━━━ Data listing
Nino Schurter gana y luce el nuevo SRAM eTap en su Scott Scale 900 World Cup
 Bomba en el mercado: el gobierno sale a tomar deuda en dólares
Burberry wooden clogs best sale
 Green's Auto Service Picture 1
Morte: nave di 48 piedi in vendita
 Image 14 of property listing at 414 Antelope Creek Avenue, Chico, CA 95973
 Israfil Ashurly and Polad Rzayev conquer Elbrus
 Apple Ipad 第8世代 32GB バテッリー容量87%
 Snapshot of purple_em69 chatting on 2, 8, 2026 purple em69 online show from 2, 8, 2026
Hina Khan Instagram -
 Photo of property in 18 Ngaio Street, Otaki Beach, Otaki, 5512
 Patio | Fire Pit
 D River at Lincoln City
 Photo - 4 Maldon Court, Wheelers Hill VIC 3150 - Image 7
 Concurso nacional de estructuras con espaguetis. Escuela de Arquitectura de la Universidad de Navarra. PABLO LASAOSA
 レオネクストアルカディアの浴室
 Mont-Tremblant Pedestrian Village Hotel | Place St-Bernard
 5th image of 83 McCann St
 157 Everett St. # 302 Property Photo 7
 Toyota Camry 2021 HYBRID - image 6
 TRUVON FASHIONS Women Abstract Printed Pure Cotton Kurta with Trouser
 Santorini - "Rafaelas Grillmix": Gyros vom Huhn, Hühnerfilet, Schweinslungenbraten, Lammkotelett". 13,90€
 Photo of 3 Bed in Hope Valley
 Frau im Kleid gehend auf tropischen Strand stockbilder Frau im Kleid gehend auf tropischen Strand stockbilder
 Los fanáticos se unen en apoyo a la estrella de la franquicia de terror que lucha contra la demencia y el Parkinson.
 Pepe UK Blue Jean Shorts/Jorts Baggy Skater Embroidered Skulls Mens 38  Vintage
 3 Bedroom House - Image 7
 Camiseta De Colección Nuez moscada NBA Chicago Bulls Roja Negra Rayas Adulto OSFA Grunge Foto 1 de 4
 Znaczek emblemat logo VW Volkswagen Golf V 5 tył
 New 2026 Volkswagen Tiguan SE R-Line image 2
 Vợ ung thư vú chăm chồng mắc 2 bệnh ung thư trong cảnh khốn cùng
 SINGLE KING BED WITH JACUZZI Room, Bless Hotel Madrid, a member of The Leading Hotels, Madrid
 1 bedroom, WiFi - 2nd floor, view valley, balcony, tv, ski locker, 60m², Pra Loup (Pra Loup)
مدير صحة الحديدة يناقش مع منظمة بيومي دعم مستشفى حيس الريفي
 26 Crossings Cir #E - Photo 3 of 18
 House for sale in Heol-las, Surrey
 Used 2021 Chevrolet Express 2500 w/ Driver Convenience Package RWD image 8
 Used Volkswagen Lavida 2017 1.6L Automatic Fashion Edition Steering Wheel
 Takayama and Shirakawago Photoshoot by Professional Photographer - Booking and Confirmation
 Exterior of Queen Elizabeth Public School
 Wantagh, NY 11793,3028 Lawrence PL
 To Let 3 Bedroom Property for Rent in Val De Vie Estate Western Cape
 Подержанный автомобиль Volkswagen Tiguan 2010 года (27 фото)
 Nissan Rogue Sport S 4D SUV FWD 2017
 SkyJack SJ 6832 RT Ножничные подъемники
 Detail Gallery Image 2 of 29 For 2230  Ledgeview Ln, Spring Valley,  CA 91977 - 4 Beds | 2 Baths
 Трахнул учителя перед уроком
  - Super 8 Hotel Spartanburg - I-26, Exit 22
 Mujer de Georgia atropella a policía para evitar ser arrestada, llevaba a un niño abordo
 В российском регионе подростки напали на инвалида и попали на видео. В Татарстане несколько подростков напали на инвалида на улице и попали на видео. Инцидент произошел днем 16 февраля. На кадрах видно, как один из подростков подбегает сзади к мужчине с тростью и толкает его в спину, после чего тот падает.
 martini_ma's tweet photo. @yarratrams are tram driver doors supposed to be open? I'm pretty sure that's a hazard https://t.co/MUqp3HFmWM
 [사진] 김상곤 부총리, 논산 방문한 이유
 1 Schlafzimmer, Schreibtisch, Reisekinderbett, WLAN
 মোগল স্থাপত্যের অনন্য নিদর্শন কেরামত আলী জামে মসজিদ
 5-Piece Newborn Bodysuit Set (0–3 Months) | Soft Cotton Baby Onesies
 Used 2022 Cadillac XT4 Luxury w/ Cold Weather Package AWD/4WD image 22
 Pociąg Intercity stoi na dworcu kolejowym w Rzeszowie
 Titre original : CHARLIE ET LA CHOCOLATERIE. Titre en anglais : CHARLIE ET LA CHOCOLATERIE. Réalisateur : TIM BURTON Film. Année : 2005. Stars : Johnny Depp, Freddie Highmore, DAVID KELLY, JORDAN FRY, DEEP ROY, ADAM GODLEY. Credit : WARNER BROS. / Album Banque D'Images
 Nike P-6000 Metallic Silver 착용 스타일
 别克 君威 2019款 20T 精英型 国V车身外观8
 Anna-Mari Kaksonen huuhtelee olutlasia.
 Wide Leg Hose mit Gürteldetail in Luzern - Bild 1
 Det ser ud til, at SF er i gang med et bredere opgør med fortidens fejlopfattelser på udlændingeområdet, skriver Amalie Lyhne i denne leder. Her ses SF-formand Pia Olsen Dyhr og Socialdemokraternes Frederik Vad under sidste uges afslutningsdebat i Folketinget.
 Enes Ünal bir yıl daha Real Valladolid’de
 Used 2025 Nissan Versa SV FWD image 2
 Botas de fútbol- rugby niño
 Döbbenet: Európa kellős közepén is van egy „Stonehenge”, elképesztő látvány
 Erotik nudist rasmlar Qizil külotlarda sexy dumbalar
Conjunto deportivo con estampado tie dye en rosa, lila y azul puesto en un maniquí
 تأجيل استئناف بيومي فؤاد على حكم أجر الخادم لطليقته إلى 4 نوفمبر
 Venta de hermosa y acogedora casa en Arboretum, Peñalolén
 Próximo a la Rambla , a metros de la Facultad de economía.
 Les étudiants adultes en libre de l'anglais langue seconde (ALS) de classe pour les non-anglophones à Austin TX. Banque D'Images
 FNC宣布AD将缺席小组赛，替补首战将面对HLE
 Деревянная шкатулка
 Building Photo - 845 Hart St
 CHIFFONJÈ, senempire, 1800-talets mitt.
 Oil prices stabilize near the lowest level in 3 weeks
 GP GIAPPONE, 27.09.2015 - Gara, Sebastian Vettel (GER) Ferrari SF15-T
━━━━━━
* Problem to solve: Copy out the records in full, matching every line character for character.

* Response box:
Nino Schurter gana y luce el nuevo SRAM eTap en su Scott Scale 900 World Cup
 Bomba en el mercado: el gobierno sale a tomar deuda en dólares
Burberry wooden clogs best sale
 Green's Auto Service Picture 1
Morte: nave di 48 piedi in vendita
 Image 14 of property listing at 414 Antelope Creek Avenue, Chico, CA 95973
 Israfil Ashurly and Polad Rzayev conquer Elbrus
 Apple Ipad 第8世代 32GB バテッリー容量87%
 Snapshot of purple_em69 chatting on 2, 8, 2026 purple em69 online show from 2, 8, 2026
Hina Khan Instagram -
 Photo of property in 18 Ngaio Street, Otaki Beach, Otaki, 5512
 Patio | Fire Pit
 D River at Lincoln City
 Photo - 4 Maldon Court, Wheelers Hill VIC 3150 - Image 7
 Concurso nacional de estructuras con espaguetis. Escuela de Arquitectura de la Universidad de Navarra. PABLO LASAOSA
 レオネクストアルカディアの浴室
 Mont-Tremblant Pedestrian Village Hotel | Place St-Bernard
 5th image of 83 McCann St
 157 Everett St. # 302 Property Photo 7
 Toyota Camry 2021 HYBRID - image 6
 TRUVON FASHIONS Women Abstract Printed Pure Cotton Kurta with Trouser
 Santorini - "Rafaelas Grillmix": Gyros vom Huhn, Hühnerfilet, Schweinslungenbraten, Lammkotelett". 13,90€
 Photo of 3 Bed in Hope Valley
 Frau im Kleid gehend auf tropischen Strand stockbilder Frau im Kleid gehend auf tropischen Strand stockbilder
 Los fanáticos se unen en apoyo a la estrella de la franquicia de terror que lucha contra la demencia y el Parkinson.
 Pepe UK Blue Jean Shorts/Jorts Baggy Skater Embroidered Skulls Mens 38  Vintage
 3 Bedroom House - Image 7
 Camiseta De Colección Nuez moscada NBA Chicago Bulls Roja Negra Rayas Adulto OSFA Grunge Foto 1 de 4
 Znaczek emblemat logo VW Volkswagen Golf V 5 tył
 New 2026 Volkswagen Tiguan SE R-Line image 2
 Vợ ung thư vú chăm chồng mắc 2 bệnh ung thư trong cảnh khốn cùng
 SINGLE KING BED WITH JACUZZI Room, Bless Hotel Madrid, a member of The Leading Hotels, Madrid
 1 bedroom, WiFi - 2nd floor, view valley, balcony, tv, ski locker, 60m², Pra Loup (Pra Loup)
مدير صحة الحديدة يناقش مع منظمة بيومي دعم مستشفى حيس الريفي
 26 Crossings Cir #E - Photo 3 of 18
 House for sale in Heol-las, Surrey
 Used 2021 Chevrolet Express 2500 w/ Driver Convenience Package RWD image 8
 Used Volkswagen Lavida 2017 1.6L Automatic Fashion Edition Steering Wheel
 Takayama and Shirakawago Photoshoot by Professional Photographer - Booking and Confirmation
 Exterior of Queen Elizabeth Public School
 Wantagh, NY 11793,3028 Lawrence PL
 To Let 3 Bedroom Property for Rent in Val De Vie Estate Western Cape
 Подержанный автомобиль Volkswagen Tiguan 2010 года (27 фото)
 Nissan Rogue Sport S 4D SUV FWD 2017
 SkyJack SJ 6832 RT Ножничные подъемники
 Detail Gallery Image 2 of 29 For 2230  Ledgeview Ln, Spring Valley,  CA 91977 - 4 Beds | 2 Baths
 Трахнул учителя перед уроком
  - Super 8 Hotel Spartanburg - I-26, Exit 22
 Mujer de Georgia atropella a policía para evitar ser arrestada, llevaba a un niño abordo
 В российском регионе подростки напали на инвалида и попали на видео. В Татарстане несколько подростков напали на инвалида на улице и попали на видео. Инцидент произошел днем 16 февраля. На кадрах видно, как один из подростков подбегает сзади к мужчине с тростью и толкает его в спину, после чего тот падает.
 martini_ma's tweet photo. @yarratrams are tram driver doors supposed to be open? I'm pretty sure that's a hazard https://t.co/MUqp3HFmWM
 [사진] 김상곤 부총리, 논산 방문한 이유
 1 Schlafzimmer, Schreibtisch, Reisekinderbett, WLAN
 মোগল স্থাপত্যের অনন্য নিদর্শন কেরামত আলী জামে মসজিদ
 5-Piece Newborn Bodysuit Set (0–3 Months) | Soft Cotton Baby Onesies
 Used 2022 Cadillac XT4 Luxury w/ Cold Weather Package AWD/4WD image 22
 Pociąg Intercity stoi na dworcu kolejowym w Rzeszowie
 Titre original : CHARLIE ET LA CHOCOLATERIE. Titre en anglais : CHARLIE ET LA CHOCOLATERIE. Réalisateur : TIM BURTON Film. Année : 2005. Stars : Johnny Depp, Freddie Highmore, DAVID KELLY, JORDAN FRY, DEEP ROY, ADAM GODLEY. Credit : WARNER BROS. / Album Banque D'Images
 Nike P-6000 Metallic Silver 착용 스타일
 别克 君威 2019款 20T 精英型 国V车身外观8
 Anna-Mari Kaksonen huuhtelee olutlasia.
 Wide Leg Hose mit Gürteldetail in Luzern - Bild 1
 Det ser ud til, at SF er i gang med et bredere opgør med fortidens fejlopfattelser på udlændingeområdet, skriver Amalie Lyhne i denne leder. Her ses SF-formand Pia Olsen Dyhr og Socialdemokraternes Frederik Vad under sidste uges afslutningsdebat i Folketinget.
 Enes Ünal bir yıl daha Real Valladolid’de
 Used 2025 Nissan Versa SV FWD image 2
 Botas de fútbol- rugby niño
 Döbbenet: Európa kellős közepén is van egy „Stonehenge”, elképesztő látvány
 Erotik nudist rasmlar Qizil külotlarda sexy dumbalar
Conjunto deportivo con estampado tie dye en rosa, lila y azul puesto en un maniquí
 تأجيل استئناف بيومي فؤاد على حكم أجر الخادم لطليقته إلى 4 نوفمبر
 Venta de hermosa y acogedora casa en Arboretum, Peñalolén
 Próximo a la Rambla , a metros de la Facultad de economía.
 Les étudiants adultes en libre de l'anglais langue seconde (ALS) de classe pour les non-anglophones à Austin TX. Banque D'Images
 FNC宣布AD将缺席小组赛，替补首战将面对HLE
 Деревянная шкатулка
 Building Photo - 845 Hart St
 CHIFFONJÈ, senempire, 1800-talets mitt.
 Oil prices stabilize near the lowest level in 3 weeks
 GP GIAPPONE, 27.09.2015 - Gara, Sebastian Vettel (GER) Ferrari SF15-T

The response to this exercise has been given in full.